Poster Presentation 47th Lorne Genome Conference 2026

Are your antibodies cheating on their binding partners? Screening antibody specificity in CUT&Tag (133264)

Leighton S Ditchburn 1 , Trung Nguyen 1 , Ryan Lister 1
  1. The University of Western Australia/ Harry Perkins Medical Research Institute, Rivervale, WA, Australia

Antibodies contribute significantly to the reproducibility crisis in life sciences, due to variability in their performance (affinity and specificity). This is especially critical in epigenomics, where antibodies are used to characterise chromatin modifications and regulatory proteins that alter chromatin states and regulate gene expression.

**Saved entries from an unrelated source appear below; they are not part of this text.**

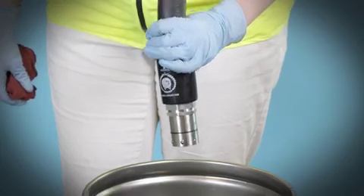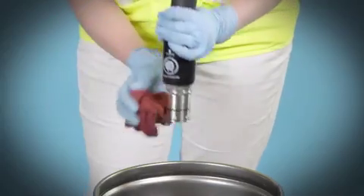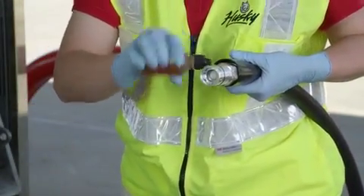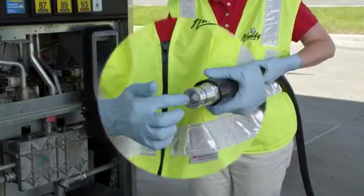Ensure that the male half is dry before reconnecting. If moisture is present, wash the male half in gasoline or spray with WD-40 to displace any moisture. Prior to reconnecting, lubricate the inner and outer O-rings on the male side with light motor oil or WD-40.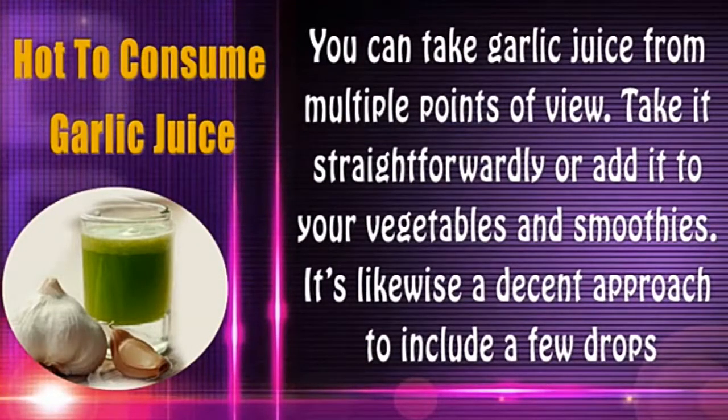You can take garlic juice in multiple ways — take it straightforwardly, or add it to your vegetables and smoothies. It's also a good approach to include a few drops of the juice in your dishes.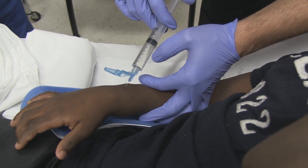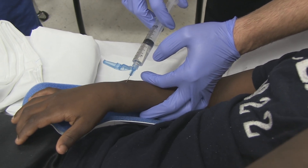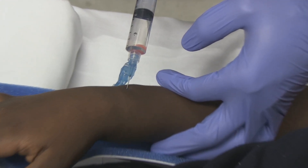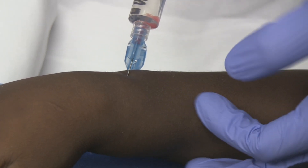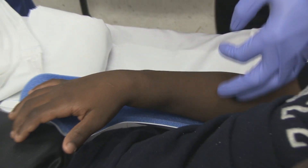Ideally you aspirate back and get some blood — yeah, but that doesn't happen every time. Most times you'll get a little blood. Again, it should flow easily. If you blow up the surrounding soft tissue, you know you're still outside of it. But it should be enough.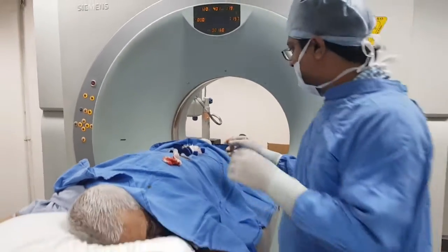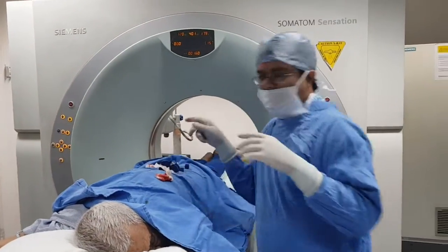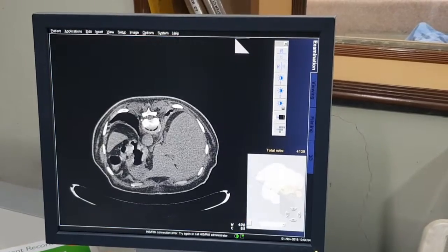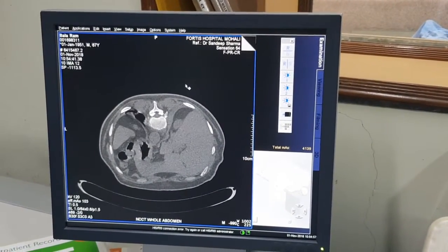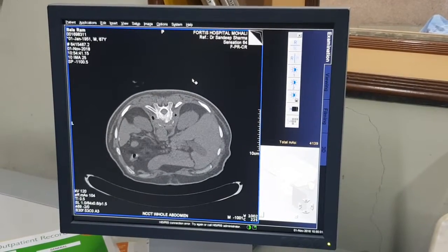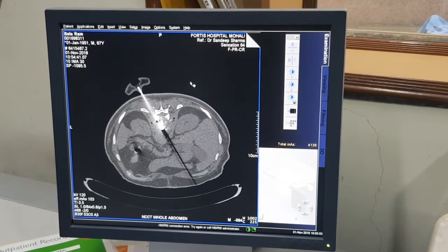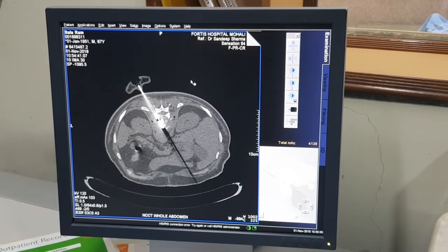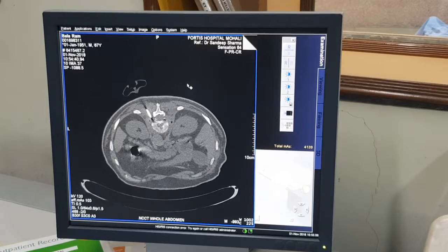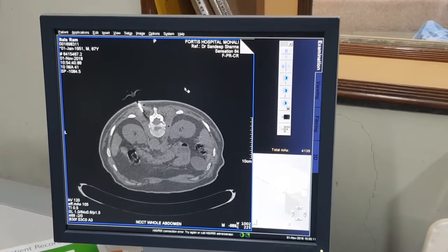Now we would like to see where we will remove both of them. See where the needles are. One is up to the vertebral margin, the other one also. So both are up to the vertebral margin — we will remove them now.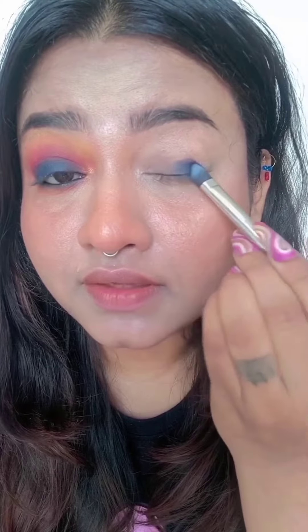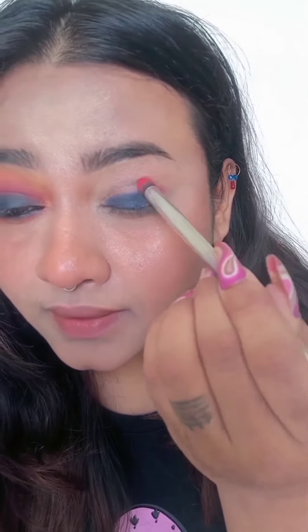Hi guys, today we are going to make this beautiful sunset look. So let's start. First, you have to spread this blue eyeshadow on the whole lid evenly. After applying this, you have to apply an orange and pink shade only on the top.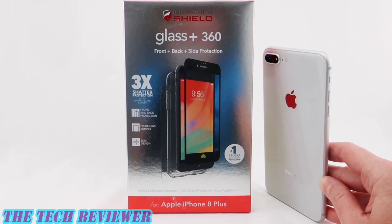Hi everyone, this is Kristen. If you're in the market for an edge-to-edge tempered glass screen protector for your iPhone 8 Plus, you might want to step it up a notch and look at Zag's Glass Plus 360.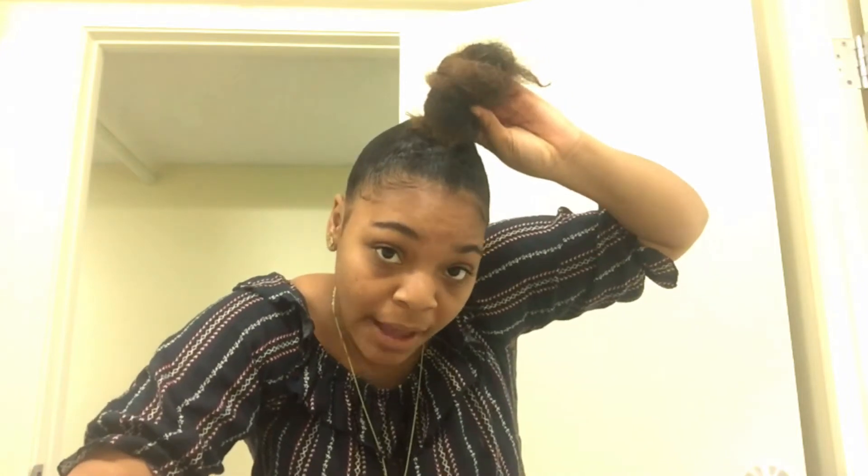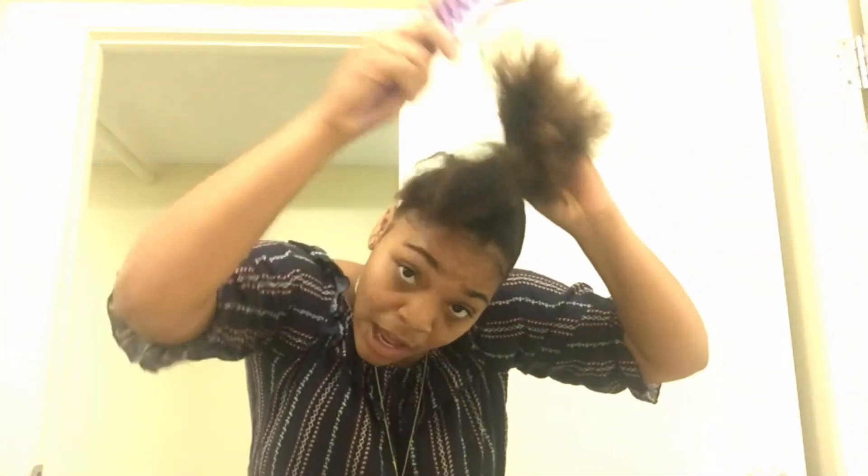You can just twist it and bobby pin it in the back, but I don't like that way because it's not really secure, especially if you have thick hair like mine. So what I like to do is make sure that it's combed out.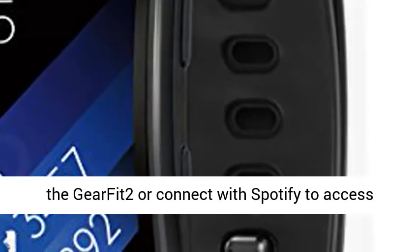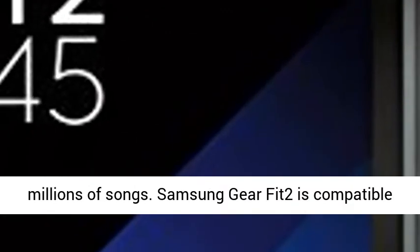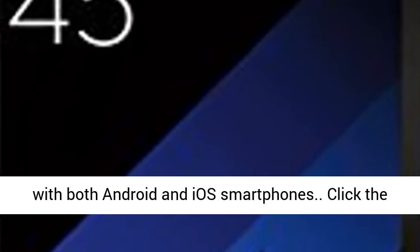Store your favorite music on the Gear Fit2 or connect with Spotify to access millions of songs. Samsung Gear Fit2 is compatible with both Android and iOS smartphones.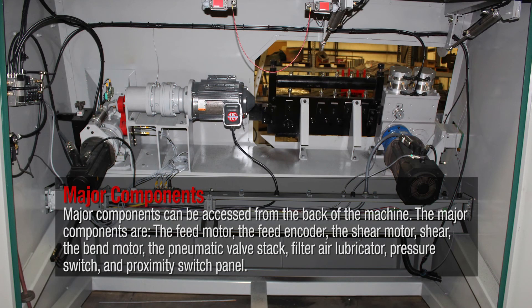Major components can be accessed from the back of the machine. The major components are the feed motor, the feed encoder, the shear motor, shear, the bend motor, the pneumatic valve stack, filter air lubricator, pressure switch, and proximity switch panel.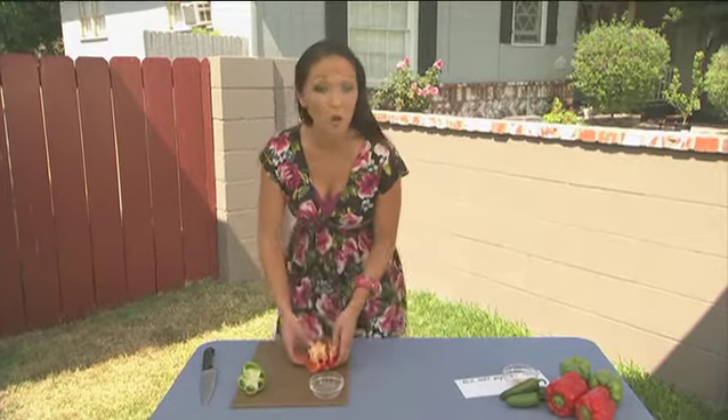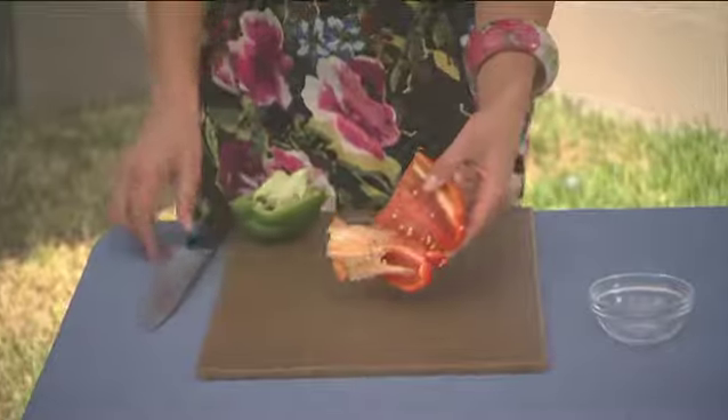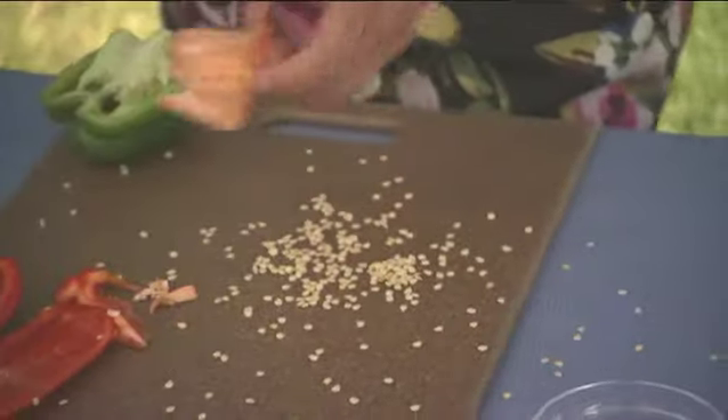All you need to do is grab your bell peppers or jalapeno peppers and remove the seeds like so, keeping this all intact. And using a knife, just simply remove all these seeds.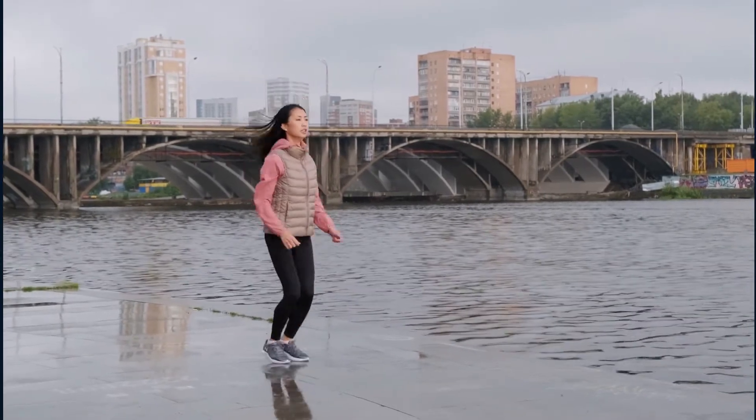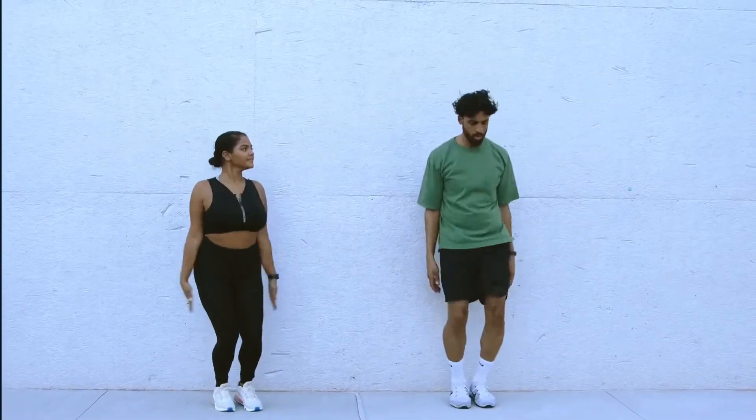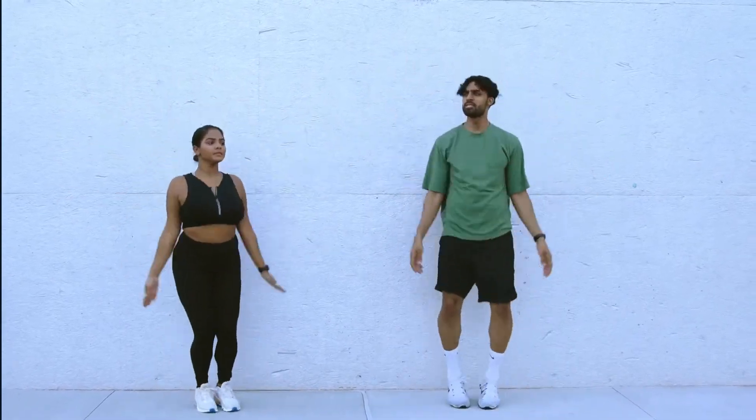The higher and faster you jump, the more power and strength you develop.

These modifications include diverse molecules that are directly covalently bound to DNA (e.g. methylation) or histone proteins (e.g. acetylation), and (re)arrange nucleosomes (e.g. histone chaperones). A recently developed method, Cleavage Under Targets and Tagmentation (CUT&Tag) that utilises antibody guided targeted tagmentation, allows profiling of histone post translational modifications at single cell resolution. However, antibody performance can vary, and results may not align with other assays like ChIP-seq. Using a nucleosome panel consisting of different histone lysine methylation states, I screened the specificity of several commercial antibodies, identifying both high- and low-specificity in CUT&Tag, emphasising the need for assay specific validation.